**About this exercise:** Print every record exactly.
======== Data listing
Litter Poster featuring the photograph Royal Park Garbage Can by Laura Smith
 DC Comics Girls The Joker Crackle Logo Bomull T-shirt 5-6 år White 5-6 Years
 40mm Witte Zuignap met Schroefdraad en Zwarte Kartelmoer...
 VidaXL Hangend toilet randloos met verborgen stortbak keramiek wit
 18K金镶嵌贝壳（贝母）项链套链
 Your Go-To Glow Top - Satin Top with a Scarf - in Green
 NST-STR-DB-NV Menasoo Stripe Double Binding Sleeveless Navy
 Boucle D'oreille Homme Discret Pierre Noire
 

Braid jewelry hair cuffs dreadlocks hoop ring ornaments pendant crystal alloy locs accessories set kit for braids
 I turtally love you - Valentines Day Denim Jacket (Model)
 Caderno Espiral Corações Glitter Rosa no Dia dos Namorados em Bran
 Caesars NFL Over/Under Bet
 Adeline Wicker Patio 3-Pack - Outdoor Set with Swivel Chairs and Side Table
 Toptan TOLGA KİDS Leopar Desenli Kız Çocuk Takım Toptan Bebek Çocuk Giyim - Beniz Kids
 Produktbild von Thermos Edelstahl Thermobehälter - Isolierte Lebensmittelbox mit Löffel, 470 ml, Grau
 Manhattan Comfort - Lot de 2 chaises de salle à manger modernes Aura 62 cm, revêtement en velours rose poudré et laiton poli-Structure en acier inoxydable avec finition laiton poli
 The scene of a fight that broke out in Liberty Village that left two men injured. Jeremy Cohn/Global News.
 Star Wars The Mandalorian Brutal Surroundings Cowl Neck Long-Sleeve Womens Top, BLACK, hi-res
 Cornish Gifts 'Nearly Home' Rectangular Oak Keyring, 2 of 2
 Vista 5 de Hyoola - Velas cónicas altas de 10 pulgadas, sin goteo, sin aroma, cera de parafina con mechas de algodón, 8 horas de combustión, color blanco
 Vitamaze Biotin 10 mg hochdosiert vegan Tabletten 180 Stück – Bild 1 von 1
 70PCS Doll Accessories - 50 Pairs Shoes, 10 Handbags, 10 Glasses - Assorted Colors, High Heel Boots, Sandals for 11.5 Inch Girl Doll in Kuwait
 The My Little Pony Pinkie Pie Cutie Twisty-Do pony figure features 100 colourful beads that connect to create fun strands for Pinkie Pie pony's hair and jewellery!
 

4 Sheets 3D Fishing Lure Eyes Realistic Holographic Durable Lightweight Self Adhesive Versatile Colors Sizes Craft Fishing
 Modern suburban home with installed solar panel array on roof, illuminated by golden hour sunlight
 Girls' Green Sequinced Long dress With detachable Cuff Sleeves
================
**Answer section:**
Litter Poster featuring the photograph Royal Park Garbage Can by Laura Smith
 DC Comics Girls The Joker Crackle Logo Bomull T-shirt 5-6 år White 5-6 Years
 40mm Witte Zuignap met Schroefdraad en Zwarte Kartelmoer...
 VidaXL Hangend toilet randloos met verborgen stortbak keramiek wit
 18K金镶嵌贝壳（贝母）项链套链
 Your Go-To Glow Top - Satin Top with a Scarf - in Green
 NST-STR-DB-NV Menasoo Stripe Double Binding Sleeveless Navy
 Boucle D'oreille Homme Discret Pierre Noire
 

Braid jewelry hair cuffs dreadlocks hoop ring ornaments pendant crystal alloy locs accessories set kit for braids
 I turtally love you - Valentines Day Denim Jacket (Model)
 Caderno Espiral Corações Glitter Rosa no Dia dos Namorados em Bran
 Caesars NFL Over/Under Bet
 Adeline Wicker Patio 3-Pack - Outdoor Set with Swivel Chairs and Side Table
 Toptan TOLGA KİDS Leopar Desenli Kız Çocuk Takım Toptan Bebek Çocuk Giyim - Beniz Kids
 Produktbild von Thermos Edelstahl Thermobehälter - Isolierte Lebensmittelbox mit Löffel, 470 ml, Grau
 Manhattan Comfort - Lot de 2 chaises de salle à manger modernes Aura 62 cm, revêtement en velours rose poudré et laiton poli-Structure en acier inoxydable avec finition laiton poli
 The scene of a fight that broke out in Liberty Village that left two men injured. Jeremy Cohn/Global News.
 Star Wars The Mandalorian Brutal Surroundings Cowl Neck Long-Sleeve Womens Top, BLACK, hi-res
 Cornish Gifts 'Nearly Home' Rectangular Oak Keyring, 2 of 2
 Vista 5 de Hyoola - Velas cónicas altas de 10 pulgadas, sin goteo, sin aroma, cera de parafina con mechas de algodón, 8 horas de combustión, color blanco
 Vitamaze Biotin 10 mg hochdosiert vegan Tabletten 180 Stück – Bild 1 von 1
 70PCS Doll Accessories - 50 Pairs Shoes, 10 Handbags, 10 Glasses - Assorted Colors, High Heel Boots, Sandals for 11.5 Inch Girl Doll in Kuwait
 The My Little Pony Pinkie Pie Cutie Twisty-Do pony figure features 100 colourful beads that connect to create fun strands for Pinkie Pie pony's hair and jewellery!
 

4 Sheets 3D Fishing Lure Eyes Realistic Holographic Durable Lightweight Self Adhesive Versatile Colors Sizes Craft Fishing
 Modern suburban home with installed solar panel array on roof, illuminated by golden hour sunlight
 Girls' Green Sequinced Long dress With detachable Cuff Sleeves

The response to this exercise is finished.